Nella certificazione dei contratti di collaborazione coordinata e continuativa il lavoratore può farsi assistere da un sindacato, da un avvocato o da un consulente del lavoro. Lo prevede l’articolo 2, comma 3 del decreto legislativo 81/2015 in attuazione del Jobs act. La misura è in linea con la scelta fatto dalla legge 92/2012 che ha riconosciuto ai consulenti la possibilità di assistenza alle parti nella procedura obbligatoria collegata ai licenziamenti economici.
La prerogativa riconosciuta dal decreto legislativo 81, nei giorni scorsi, è stata criticata da Anc, associazione sindacale dei commercialisti. «Non si capisce perché - ha polemizzato Marco Cuchel, presidente di Anc- il decreto legislativo 81 esclude i commercialisti, che possono svolgere gli adempimenti in materia di lavoro in base alla legge 12/1979, dall’assistenza alle parti nella certificazione».

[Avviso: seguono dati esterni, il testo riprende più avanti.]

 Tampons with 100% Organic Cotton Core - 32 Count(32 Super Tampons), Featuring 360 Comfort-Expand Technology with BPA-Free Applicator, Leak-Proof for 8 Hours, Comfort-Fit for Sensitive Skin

I consulenti non entrano in modo diretto nella polemica ma rispondono con un breve vademecum per gli iscritti su «il ruolo del consulente del lavoro nella certificazione dei contratti di collaborazione». «La norma - commenta il presidente del Consiglio nazionale, Marina Calderone - conferma l'affidabilità dalla categoria dei consulenti del lavoro nel ruolo di terzietà».
La certificazione delle collaborazioni coordinate e continuative è affidata alle commissioni previste dall’articolo 76 del decreto legislativo 276/2003 (anche quelle degli Ordini dei consulenti); l’assistenza al lavoratore deve essere tesa a verifica la natura autonoma della prestazione. L’articolo 2 del decreto 81 specifica che dal 1° gennaio 2016 si applica la disciplina del lavoro subordinato anche ai rapporti di collaborazione che «si concretano in prestazioni di lavoro esclusivamente personali, continuative e le cui modalità di esecuzione sono organizzate dal committente anche con riferimento a i tempi e al luogo di lavoro». A questo proposito il vademecum afferma: «La previsione di vincoli d’orario per il collaboratore non è incompatibile con il lavoro coordinato e continuativo, purché tale vincolo sia necessario in funzione del coordinamento tra il collaboratore stesso e l’organizzazione produttiva del committente». Su questo punto, però, parlerà la giurisprudenza.